レバノンの首都ベイルートにある国連関係の事務所前には、シリアからの難民が長い列を作っていました。
国連から、1か月の食料費として現金支給される、1人、3,000円余りを受け取るためです。
シリア難民
「家族が5人いて、子どもが病気なんです。
これだけの支援では、全く足りません。」
こうした難民の中で、ひときわ厳しい状況に置かれているのが、シリアから逃れてきたパレスチナ難民、いわゆる“二重難民”です。
60年余り前に設立された、ベイルートにある、パレスチナの難民キャンプです。
壁に描かれているのは、パレスチナを象徴する指導者たち。
住宅は無秩序に建ち並び、すでに飽和状態にある国内12か所の難民キャンプに、今、5万人の二重難民が押し寄せています。
去年(2012年)12月、シリアにある、パレスチナ難民キャンプが砲撃を受けた際の映像です。
内戦の拡大によって、国連の保護下にあり、戦闘とは無縁のはずの難民キャンプにまで、攻撃の手が伸びてきたのです。
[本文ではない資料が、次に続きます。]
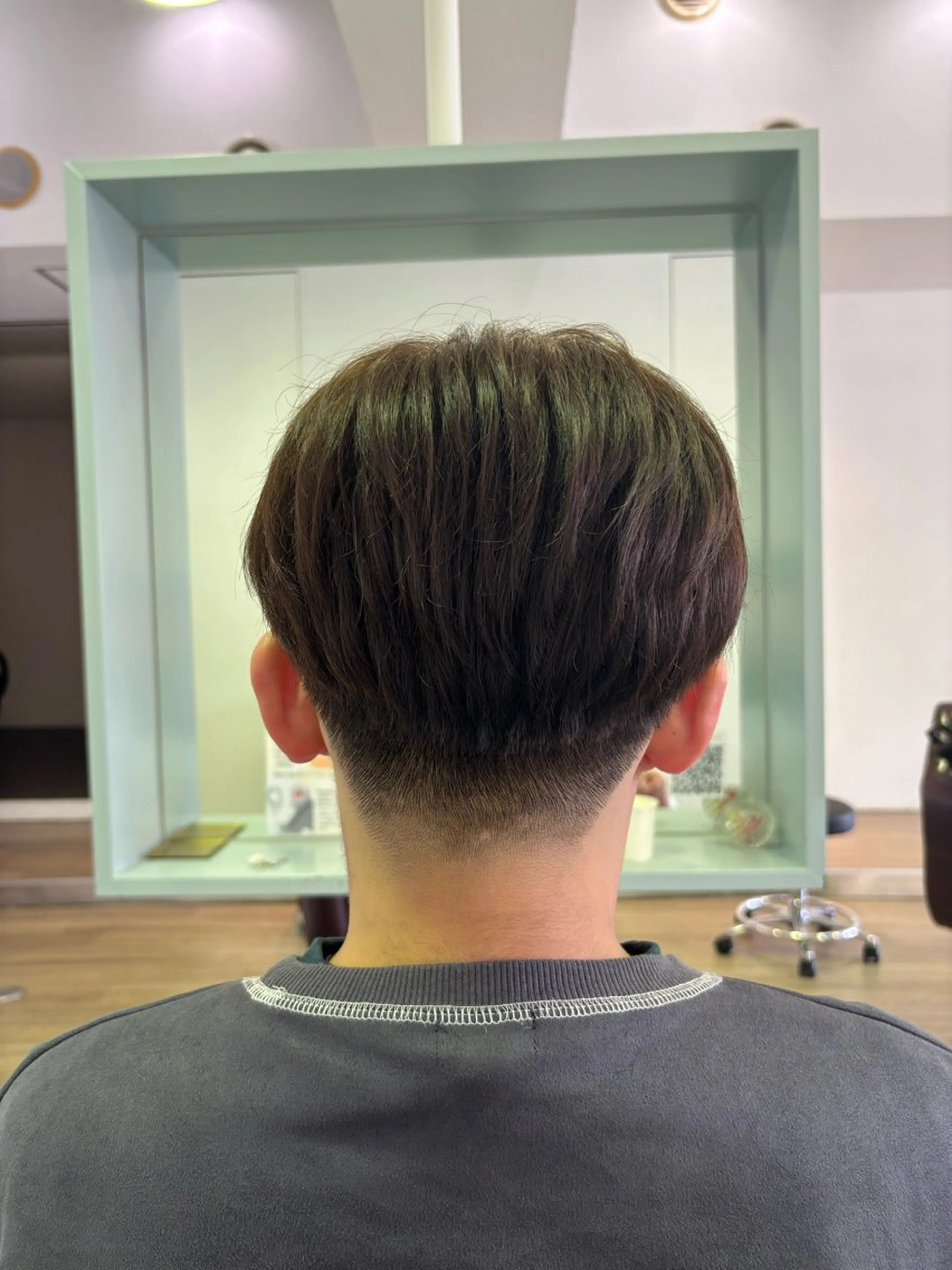 メンズ 刈り上げ 岡本 紗依のヘアスタイル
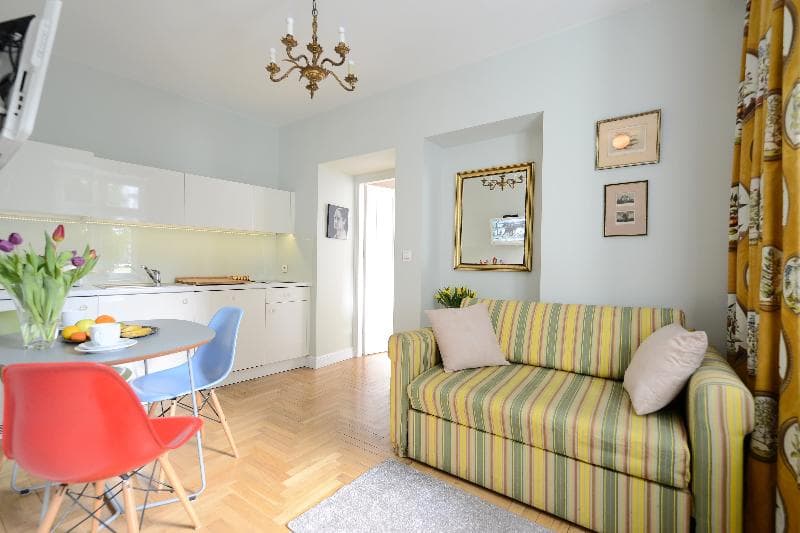Crystal Suites Chez Helena 4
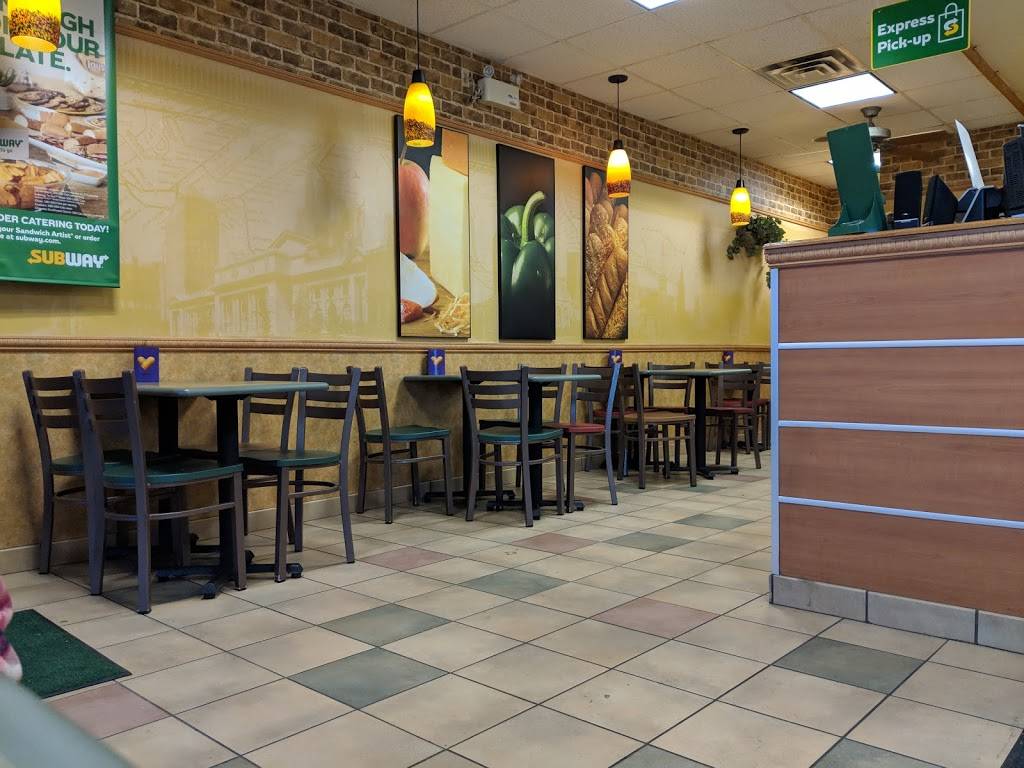 Subway | 4630-4680 Wyandotte St E, Windsor, ON N8Y 1H5, Canada | Phone: (519) 944-2416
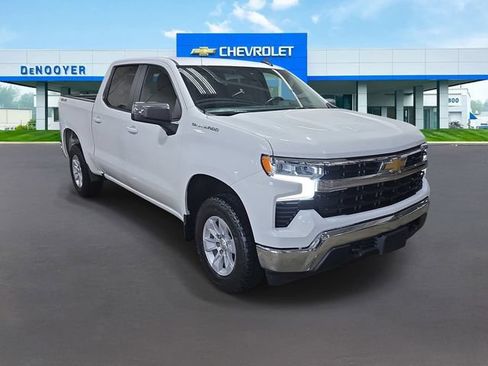 Used 2025 Chevrolet Silverado 1500 LT AWD/4WD image 7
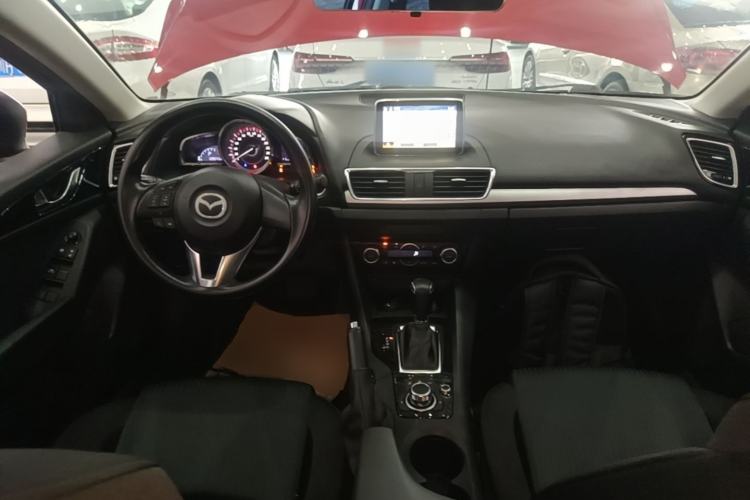 Used Mazda 3 Axela 2016 Sedan 1.5L Automatic Luxury Model Center Console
この攻撃で、レバノンへの避難を決めた、サラ・ジュマアさん。
親戚を頼って、1年前に、シリアの首都ダマスカスから、家族と共に逃れてきました。
ジュマアさんが住むところを追われるのは、これが初めてではありません。
イスラエル ベングリオン初代首相(当時)
「この国家は“イスラエル”と呼ばれる!」
最初に難民となったのは、65年前。
故郷パレスチナにイスラエルが建国され、これに反発するアラブ諸国との間で起きた“第一次中東戦争”から逃れるため、家族でシリアに渡ったのです。
ジュマアさんのように、シリアで暮らしていたパレスチナ難民は、およそ50万人に上ります。
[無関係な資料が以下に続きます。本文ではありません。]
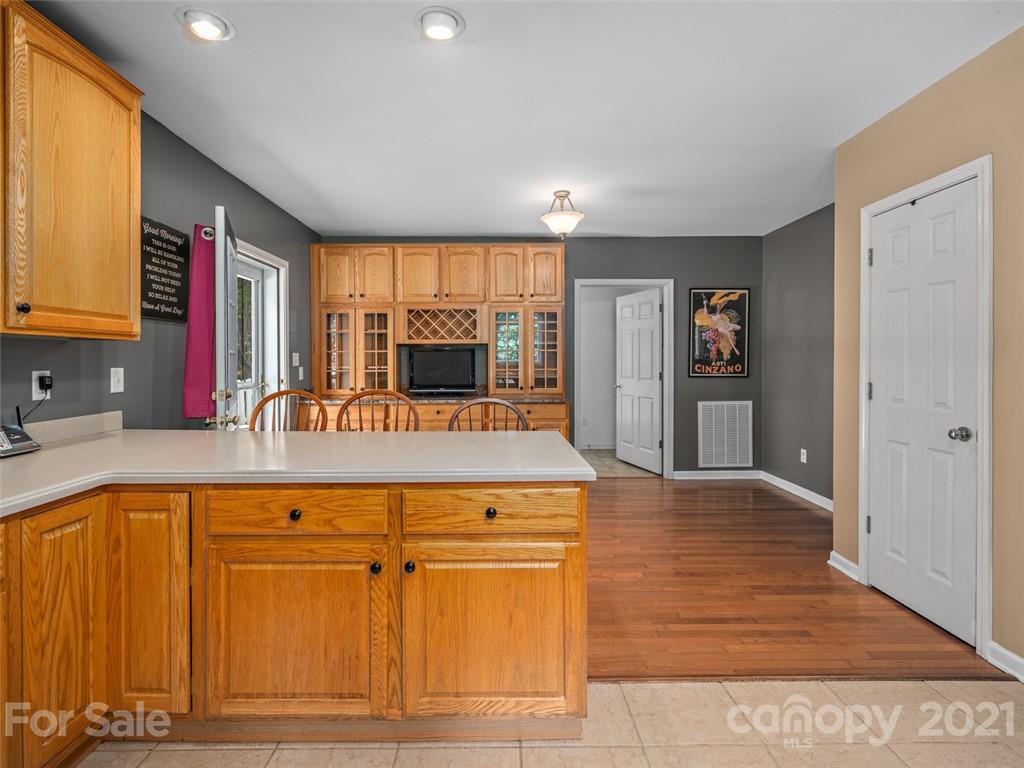 40 Eller Ford Road Weaverville, NC 28787 - Photo 14 of 36 Gallery Image 14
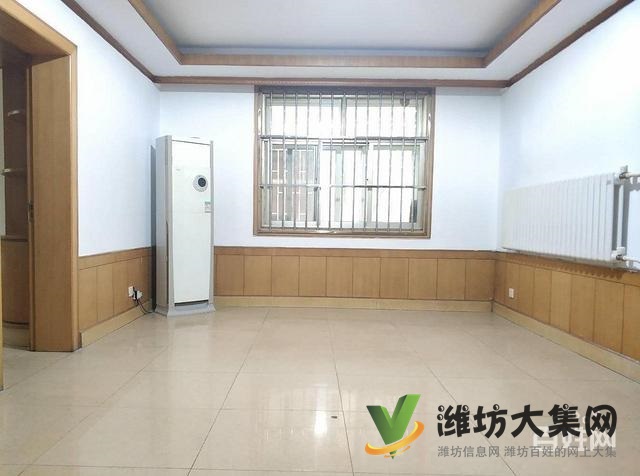 市中心新华* **多层一楼带120平大院子南开门看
半世紀以上にわたり、故郷に帰ることを願い続けながらも、シリアの難民キャンプで、安定した暮らしを手にしていたジュマアさん。
しかし、難民キャンプへの攻撃拡大が転機となりました。
孫のアラアさんが、大けがを負ったのです。
パレスチナ 二重難民 サラ・ジュマアさんの孫 アラアさん
「爆発音で外に出て、再び家に戻るときに、すぐ後ろに2発目が着弾しました。
砲弾の破片が足に突き刺さって、地面に倒れたのです。」
砲弾の破片は、アラアさんの足を貫通。
家族にけが人が出たことで、ジュマアさんは、シリアで手に入れた生活を捨て、再び、ほかの国に逃れることを決意しました。
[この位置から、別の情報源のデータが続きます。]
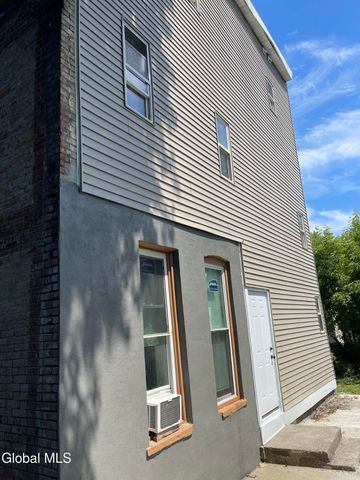 144 Broad Street, Albany, NY 12202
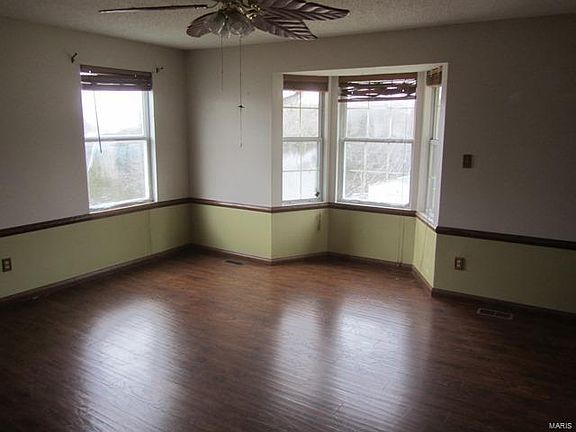 5th image of 13061 Lynnwood Ln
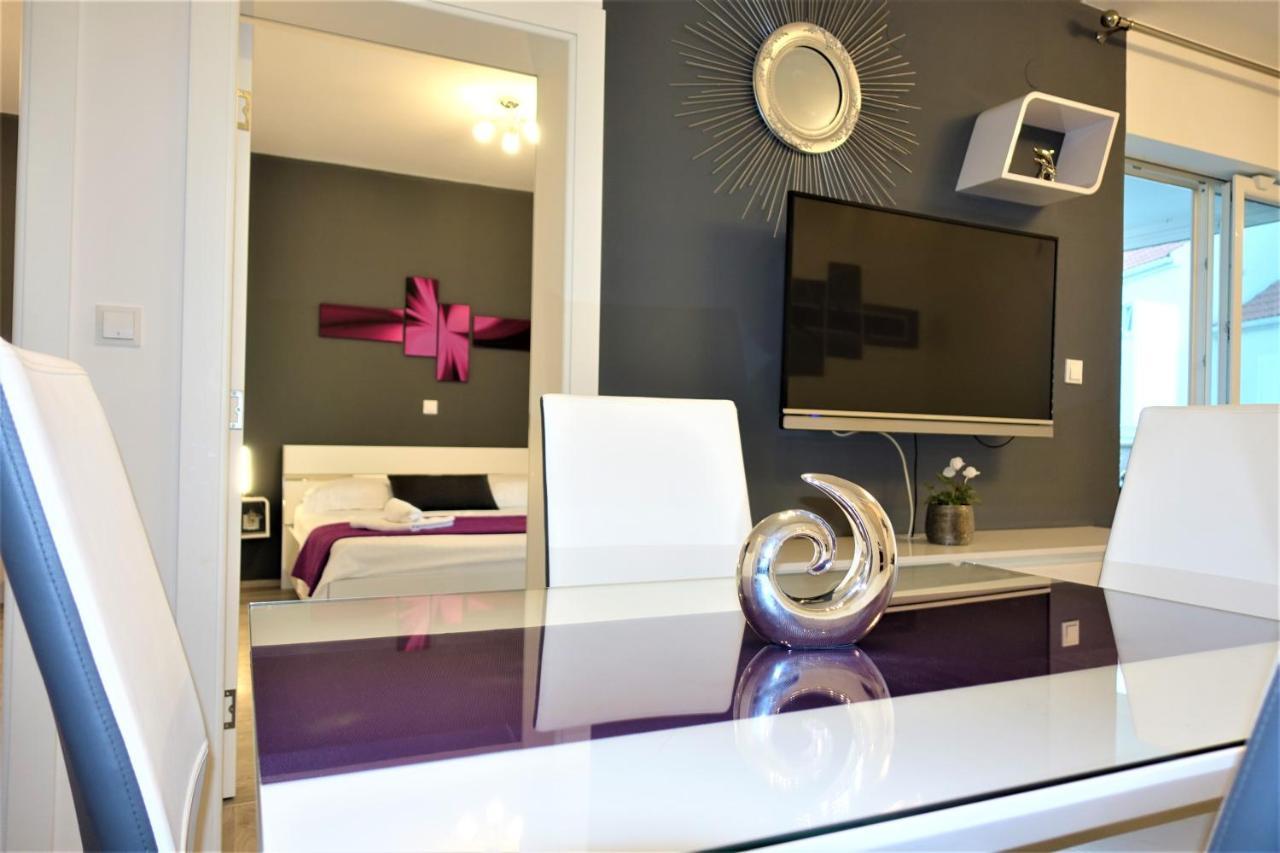 New And Modern Apartment Karavona Bol Exterior photo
パレスチナを逃れた時と同様、最低限の服だけを持っての避難でした。
パレスチナ 二重難民 サラ・ジュマアさん(85歳)
「シリアに逃れて、家を建てて生活が安定したのに、再び、見知らぬ土地で難民に逆戻りです。」
一緒に避難してきた家族8人が、1つしかない部屋で身を寄せ合う暮らし。
今は、国連から食料費として、家族全員に不定期に支給される、合わせて、およそ3万円で生活をしのいでいます。